University of Minnesota Extension was the host and organizer of the conference.

In her presentation, Brinkman spoke of the show she is the creator, producer and co-host of called Small Business Revolution on Main Street.

“We do the show because we do believe wholeheartedly that small businesses make our towns unique, so it’s about focusing on our small businesses,” Brinkman said.

Small Business Revolution on Main Street

The mission statement stated on her website says that they are on a mission to revitalize small towns, one small business at a time.

“I have to say that all the small business owners from Waseca that I met today and your extremely talented leader in the chamber (Ann Fitch) has very much impressed me,” Brinkman said about Waseca. “Everyone that I met has been phenomenal. I took a little drive before I got here in kind of this downtown area and it’s lovely, I love all the flags coming down it. It’s a very beautiful Main Street…”

Brinkman shared in her presentation common traits in communities who are thriving in her keynote presentation.

They come together with the ability to rally and shared leadership, use arts and culture to bring community together, support and provide resources to their small businesses, make diversity and inclusion a priority and are intentional about it and the final point she shared on common traits was understand and market their unique brand.

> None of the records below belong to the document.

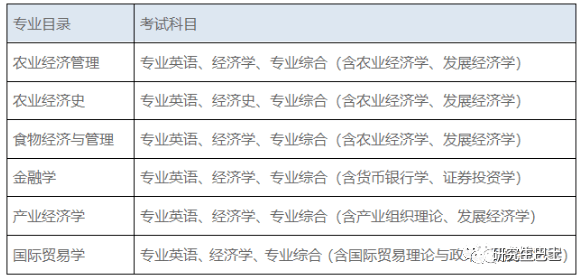 2024年中國農業大學經濟管理學院博士研究生招生工作,招生簡章,申請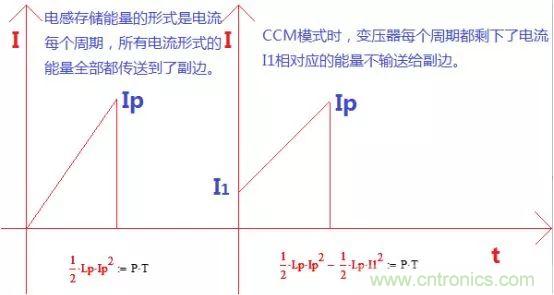 变压器电感量怎么算？为什么各不相同？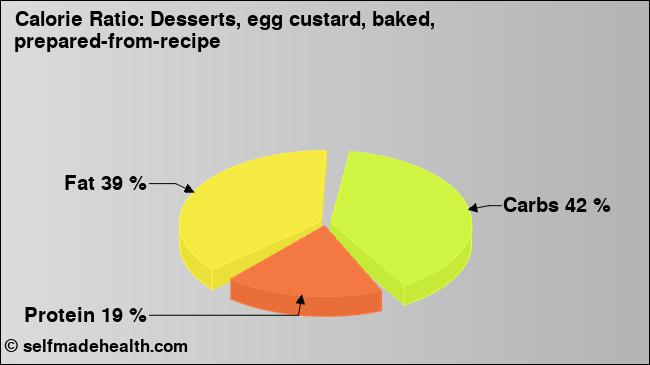 Calorie ratio: Desserts, egg custard, baked, prepared-from-recipe (chart, nutrition data)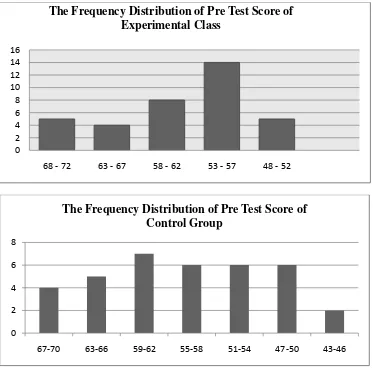 Figure 4.1 Histogram of Frequency Distribution of Pre Test Score of Experimental Class and Control Class 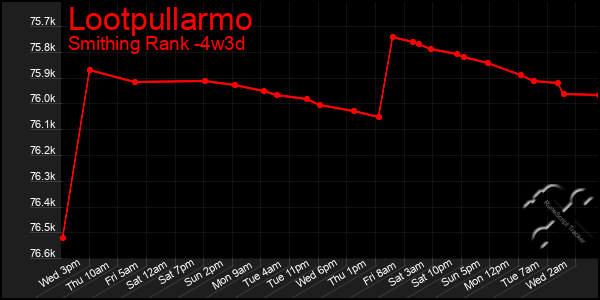 Last 31 Days Graph of Lootpullarmo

She also shared the two common things the businesses they help on the show are missing.

Marketing and finances are the two biggest things that small businesses in large urban areas or small rural communities struggle with. She said it’s not understanding how to use marketing to grow the business or not understanding what the numbers are telling the business.

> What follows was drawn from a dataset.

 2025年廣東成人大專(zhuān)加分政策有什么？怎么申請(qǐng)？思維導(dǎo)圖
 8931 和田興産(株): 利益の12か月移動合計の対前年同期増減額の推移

“We started Small Business Revolution because I truly believe that if we just told their stories that more people would understand the importance of supporting small businesses,” Brinkman said. “So it was really meant to be a movement that developed into a TV show, but it was really all about inspiring people to support small businesses.”

Small Business Revolution is a program owned by Deluxe Enterprise Operations and streams on Hulu.


Deluxe is a more than a 100-year-old company that serves small businesses and financial institutions.

“Deluxe does this (Small Business Revolution) because these are our ad dollars at work,” Brinkman said. “We’re just advertising like our competitors do and instead we’re investing in our communities and businesses. That’s spreading the word about Deluxe and I feel like that’s such a better way to spread the word of who we are than to just advertise at people.”

Brinkman is in the financial services side of Deluxe.

They help large banks, community banks, financial institutions with their vin tech needs. They assist with everything in how the bank or financial institution serves their customers and on the small business side they help them move money and their payments and payroll along with marketing and other tasks.

She spoke on Deluxe being able to help businesses with anything marketing from logos and websites to email marketing, business cards and numerous other marketing tools. She said Deluxe is in the business of helping communities thrive through its businesses.

“I joined Deluxe because we were really looking to figure out how to help more small businesses and I have always been very passionate about shopping local and supporting small businesses,” Brinkman said. “It was after I spent more time with small businesses at Deluxe that I realized their stories are what are so powerful. You hear a small business owners story and you want to help them, when you realize that you’re small businesses are what make your town unique, your neighborhood unique, you almost have a responsibility to support them, to continue to make your neighborhood interesting and a place you want to live as well.”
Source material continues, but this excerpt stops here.